E então vem Amor Alienígena (#60). E mesmo agora, eu não sei o que pensar sobre esta edição. Primeiro, pela concepção da arte, que mistura desenhos com fotografias de esculturas realizadas por John Totleben em uma interação tão perfeita que toda a edição poderia muito bem ser exposta como uma obra de arte contemporânea, tamanha a complexidade, inventividade, excelência e, acima de tudo, significado simbólico, filosófico, biológico e psicológico para o Monstro e para a Nave. A meu ver, este é o trabalho mais erudito (refiro-me a uma visão acadêmica mesmo) de toda a saga do Pantanoso, de sua criação até este momento, e um dos que mais exigem do leitor na observação dos detalhes, na leitura das imagens e entendimento do texto. O ápice da parceria entre Totleben e Moore. Já o roteiro… ah, o roteiro dessa edição será a minha indicação para qualquer esnobe que venha pregar sobre a “inferioridade” dos quadrinhos como produto narrativo, dada a sua “infantilidade” ou “pouca exigência de entendimento” em relação à literatura…

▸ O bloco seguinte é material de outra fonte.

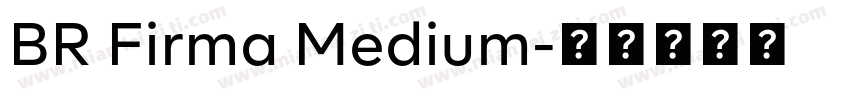BR Firma Medium字体转换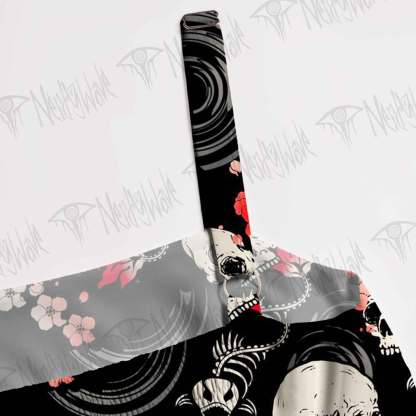 Goldfish and Cherry Blossoms Wide Straps Maxi Dress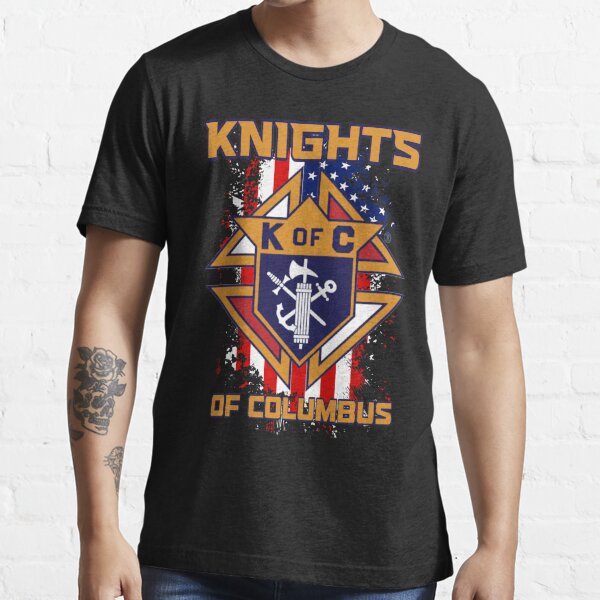 Knights Of Columbus T Shirts Redbubble   Ssrco,slim Fit T Shirt,mens,101010 01c5ca27c6,front,square Product,600x600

Eu li Amor Alienígenas três vezes seguidas para ter certeza de que captei a mensagem do roteiro puramente literário (e de composição clássica!) de Alan Moore, e ainda assim não tenho tanta certeza se compreendi. O que posso dizer é que a ideia extraordinária de se aprofundar no conceito de máquina-orgânica (inspirados em dois arcos de Doctor Who: The Claws of Axos e Terror of the Zygons — nota: Moore já havia escrito alguns roteiros para quadrinhos de Doctor Who entre 1980 e 1981) e ligar o Monstro do Pântano a isso; com direito a uma sequência que lembra vivissecção misturada com estupro de um vegetal por um aparato bio-tecnológico senciente, é algo que o leitor jamais se esquecerá. Aliado a isso, o mistério da biomáquina-nave-planeta encerra muitas indicações de origem do universo que indiretamente coloca em pauta o mistério da origem do Universo e a nossa própria concepção da origem da vida. Em uma palavra, Amor Alienígena é uma edição revolucionária.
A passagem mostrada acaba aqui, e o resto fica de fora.